# Waterfowl Hunting in Canada - Almost Gone ??



## prairie hunter (Mar 13, 2002)

I read an interesting article in one of the February hunting magazines. The number of waterfowl hunters in Canada is down about 40%. In Manitoba the number of resident Manitoban hunters has plummeted from over 45,000 to less than 20,000.

The article listed lack of youth hunters, elimination of lead shot (issues with gun barrel damage), and the new gun registration laws in Canada as reasons for the loss in hunter numbers.


----------



## prairie hunter (Mar 13, 2002)

Another article has pointed out that people from the Canadian "city" provinces that have influenced gun ownership laws may now go after waterfowl hunting.

Spring bear hunting in Ontario was banned a couple of years ago.

Apparently the Canadian version of PETA wants to stop all waterfowl hunting due to crippling of birds. The push is on a national level. As the total number of waterfowl hunters in Canada plummet, the chances that a law like this could pass improves.

The article also said if they are successful in Canada, they would start going after states like California since the hunter to non hunter ratio is in their favor.


----------



## Field Hunter (Mar 4, 2002)

My sons and I have been hunting Canada for snow geese for three years.
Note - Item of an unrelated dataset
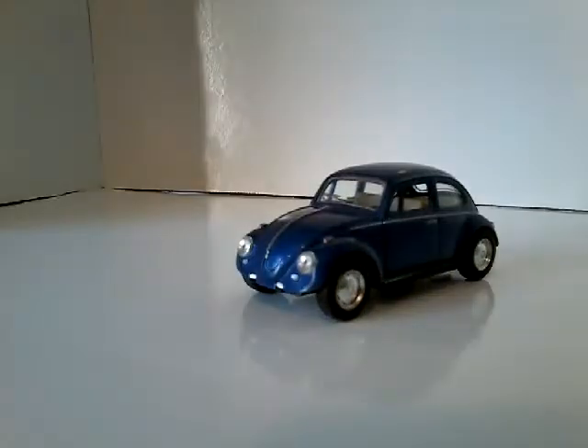And that'll be it for this Volkswagen Beetle. Bye guys!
That's not a lot of time but I'd say there are more hunters every year. Most are after the snow and canada geese.

I think many of the hunters that headed to Canada were going there for the duck hunting. It's so dry there that the ducks are shifting to other areas, like ND. Could be one of the reasons there are more hunters coming to ND in the last 3-4 years.


----------



## nodakoutdoors.com (Feb 27, 2002)

I read a similar article recently about the future of Canada's hunting. It's hard to believe how much support there is against hunting up there.

The reasons like mentioned, is the fact that there are few hunters, and that the urban population is unbelievably large(can't remember % off hand).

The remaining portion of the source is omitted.